**ACTION ITEM**
Set down again exactly the lines of the listing below that fall between the line holding "Kaily Luxury Wing Chair – grey front view" and the line holding "CHANEL チェーンショルダーバッグ 肩掛け", inclusive.

**DATA TO EXAMINE**

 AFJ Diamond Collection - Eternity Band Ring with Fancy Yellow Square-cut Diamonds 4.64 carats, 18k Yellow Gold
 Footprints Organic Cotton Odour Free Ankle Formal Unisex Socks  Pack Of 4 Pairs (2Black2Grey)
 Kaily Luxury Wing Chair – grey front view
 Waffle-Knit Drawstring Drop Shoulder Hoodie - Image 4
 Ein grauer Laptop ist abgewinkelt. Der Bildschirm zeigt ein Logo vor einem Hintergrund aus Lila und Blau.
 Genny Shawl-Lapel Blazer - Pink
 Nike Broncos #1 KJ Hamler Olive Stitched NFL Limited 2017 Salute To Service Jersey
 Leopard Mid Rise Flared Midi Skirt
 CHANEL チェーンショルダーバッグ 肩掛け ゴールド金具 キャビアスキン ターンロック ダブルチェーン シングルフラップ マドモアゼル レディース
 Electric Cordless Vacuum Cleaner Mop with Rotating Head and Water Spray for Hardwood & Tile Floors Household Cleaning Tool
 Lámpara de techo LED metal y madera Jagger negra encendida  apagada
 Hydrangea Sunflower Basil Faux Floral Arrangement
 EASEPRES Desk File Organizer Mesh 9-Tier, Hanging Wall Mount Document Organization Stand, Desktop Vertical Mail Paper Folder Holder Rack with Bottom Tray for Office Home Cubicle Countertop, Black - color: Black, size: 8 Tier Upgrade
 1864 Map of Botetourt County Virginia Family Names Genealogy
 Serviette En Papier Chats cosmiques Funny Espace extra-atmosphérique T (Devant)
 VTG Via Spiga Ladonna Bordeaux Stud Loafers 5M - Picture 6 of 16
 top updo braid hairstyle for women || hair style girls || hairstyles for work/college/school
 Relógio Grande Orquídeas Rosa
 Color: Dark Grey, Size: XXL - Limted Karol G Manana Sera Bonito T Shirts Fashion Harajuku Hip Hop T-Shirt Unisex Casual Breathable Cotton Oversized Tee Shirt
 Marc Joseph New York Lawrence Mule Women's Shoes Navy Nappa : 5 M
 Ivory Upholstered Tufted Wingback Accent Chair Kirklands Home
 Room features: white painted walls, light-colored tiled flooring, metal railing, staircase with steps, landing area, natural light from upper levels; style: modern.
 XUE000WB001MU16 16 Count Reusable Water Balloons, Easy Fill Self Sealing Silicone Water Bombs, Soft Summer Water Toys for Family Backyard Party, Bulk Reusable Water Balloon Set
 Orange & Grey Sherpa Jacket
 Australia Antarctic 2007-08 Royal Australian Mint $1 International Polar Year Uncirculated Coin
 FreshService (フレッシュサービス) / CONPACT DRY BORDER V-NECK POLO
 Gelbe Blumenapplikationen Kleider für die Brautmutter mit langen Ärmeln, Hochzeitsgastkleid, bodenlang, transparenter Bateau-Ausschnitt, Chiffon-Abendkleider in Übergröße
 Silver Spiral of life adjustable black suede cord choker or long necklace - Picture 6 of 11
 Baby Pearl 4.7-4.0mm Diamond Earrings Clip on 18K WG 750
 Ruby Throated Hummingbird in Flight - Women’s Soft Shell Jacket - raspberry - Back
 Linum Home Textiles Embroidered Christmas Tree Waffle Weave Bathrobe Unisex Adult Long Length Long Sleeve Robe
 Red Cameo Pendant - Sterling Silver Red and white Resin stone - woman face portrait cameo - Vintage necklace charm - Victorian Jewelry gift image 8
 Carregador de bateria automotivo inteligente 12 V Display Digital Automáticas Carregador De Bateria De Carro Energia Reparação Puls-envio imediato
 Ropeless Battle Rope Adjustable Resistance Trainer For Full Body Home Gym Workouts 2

**ANSWER SECTION**
 Kaily Luxury Wing Chair – grey front view
 Waffle-Knit Drawstring Drop Shoulder Hoodie - Image 4
 Ein grauer Laptop ist abgewinkelt. Der Bildschirm zeigt ein Logo vor einem Hintergrund aus Lila und Blau.
 Genny Shawl-Lapel Blazer - Pink
 Nike Broncos #1 KJ Hamler Olive Stitched NFL Limited 2017 Salute To Service Jersey
 Leopard Mid Rise Flared Midi Skirt
 CHANEL チェーンショルダーバッグ 肩掛け ゴールド金具 キャビアスキン ターンロック ダブルチェーン シングルフラップ マドモアゼル レディース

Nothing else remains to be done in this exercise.